JetBlue Plans Florida, New York Growth, More Non-Flight Services
(Bloomberg) -- JetBlue Airways Corp., stuck in its third straight year lagging the airline industry’s share returns, is looking to boost earnings by expanding in three key cities and selling more travel services such as car rentals and hotels.
The carrier will shift more flights to Boston and Fort Lauderdale, Florida, and add more seats at New York’s John F. Kennedy International Airport. It will step up efforts to improve on-time performance, which also trails the industry, while adding more seats on some planes. JetBlue is also banking on a renegotiated maintenance contract to help lower costs and improve margins.
The plan, outlined Tuesday during a half-day meeting with investors and analysts, represents a new push by the carrier to broaden revenue sources while trying to contain rising costs from pricier fuel and new and pending labor contracts. The initiatives should result in earnings per share of as much as $3 in 2020, the company said. That would top the $2.21 average of analysts’ estimates compiled by Bloomberg.
“JetBlue is doing a better job addressing cost concerns while also providing a promising revenue/earnings outlook,” said Adam Hackel, an analyst with Imperial Capital. The aircraft maintenance contract “could be instrumental in getting their costs in line with the industry.”
The shares rose about 1 percent to $19.18 at 1:49 p.m. in New York, while other airlines declined. JetBlue fell 15 percent this year through Monday, the biggest decline among major U.S. carriers except for American Airlines Group Inc. JetBlue trailed a Standard & Poor’s index of U.S. airlines last year and in 2016.

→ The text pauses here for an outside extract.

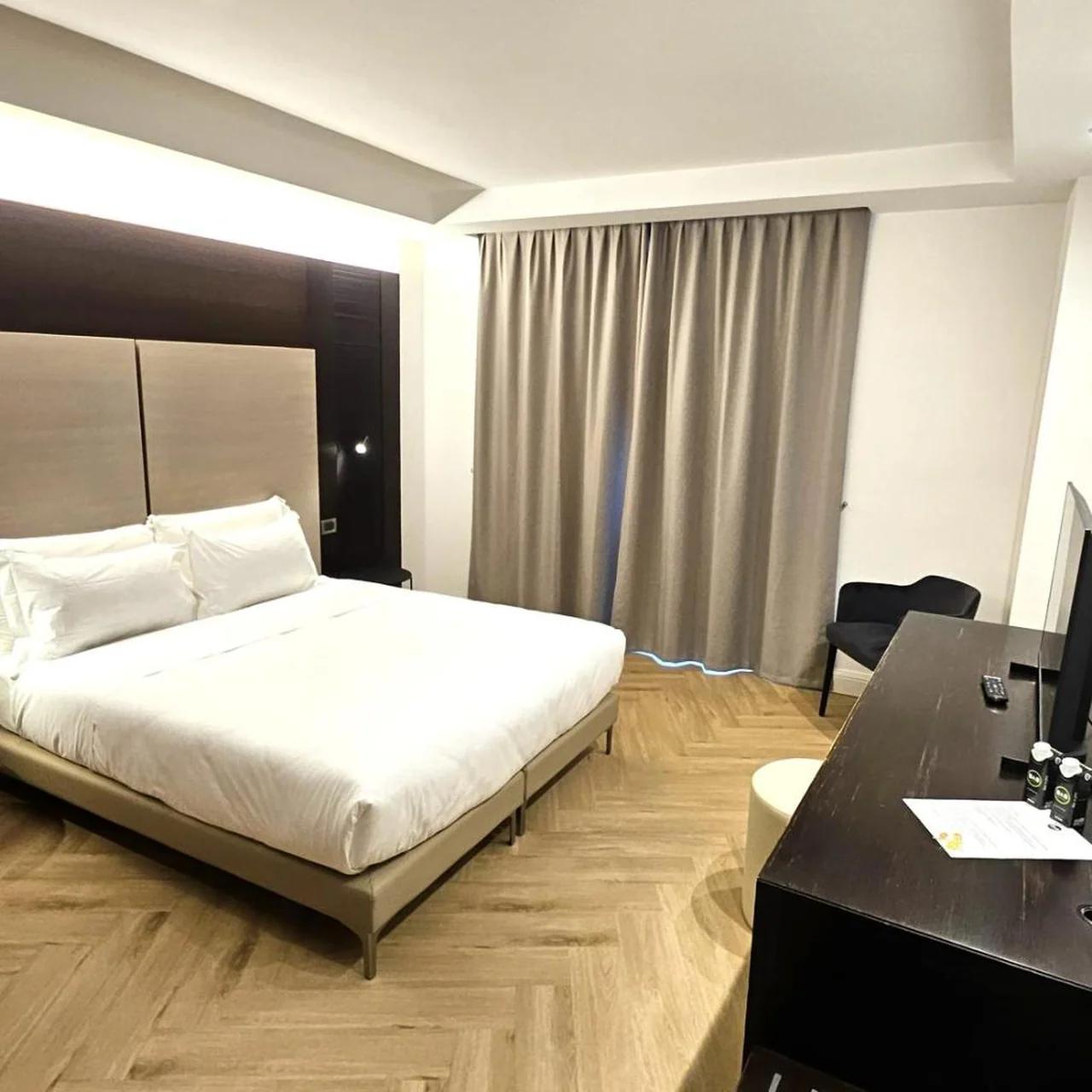 B&B HOTEL Napoli San Mauro foto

“As much as we are focused on costs, I want to make sure everyone recognizes that we know we are never done on the revenue side,” said Marty St. George, JetBlue’s executive vice president for commercial and planning.
The airline is targeting a net operating profit margin of 10 percent in 2020, up from 7.3 percent this year, and a return on invested capital of as much as 13 percent compared with 8.2 percent. JetBlue said it has achieved $171 million of savings under a previously announced program to reduce structural costs by $250 million to $300 million by 2020.
JetBlue follows larger carriers like American and United Continental Holdings Inc. in focusing growth on select cities in its network.
“In 2019 you will see us pretty aggressively redeploy aircraft across our network,” St. George said.
The growth plan for focus cities was expected, said Susan Donofrio, a Macquarie Group analyst. As for the new earnings target, investors are “digesting whether or not they think it’s achievable,” she said.
JetBlue already is taking steps to boost revenue, increasing the charge for first and second-checked bags by $5 each last month. It laid out a plan last week to offer discount prices in a new fare class with fewer frills to combat similar offerings from larger rivals. The carrier didn’t detail other changes to its fare categories, saying they will be rolled out starting next year.
The airline also wants to secure a greater share of travel spending by its passengers for services like hotels, insurance and car rentals. Those new products and the network changes will together add as much as $400 million in revenue by 2020, JetBlue said.
The airline will begin shedding its costly Embraer SA E190 jets in 2020, replacing them with 60 Airbus SE A220s that are more fuel efficient and able to profitably fly longer routes. It’s continuing to add seats to its A320 aircraft, an effort that won’t be completed until the second half of 2020.
Also in the Tuesday session, JetBlue said it has considered a “Junior Mint” offering that would place its premium cabin on secondary cross-country routes. The airline currently offers its premium “Mint” service on select flights.
Service across the Atlantic in the future is “absolutely on the table,” said President Joanna Geraghty.
JetBlue has trimmed 10 percent of jobs at its airline service centers to reduce spending. The carrier is seeking bids for a new passenger reservation system and reiterated its goal of holding costs to fly each seat a mile to flat to up 1 percent by 2020.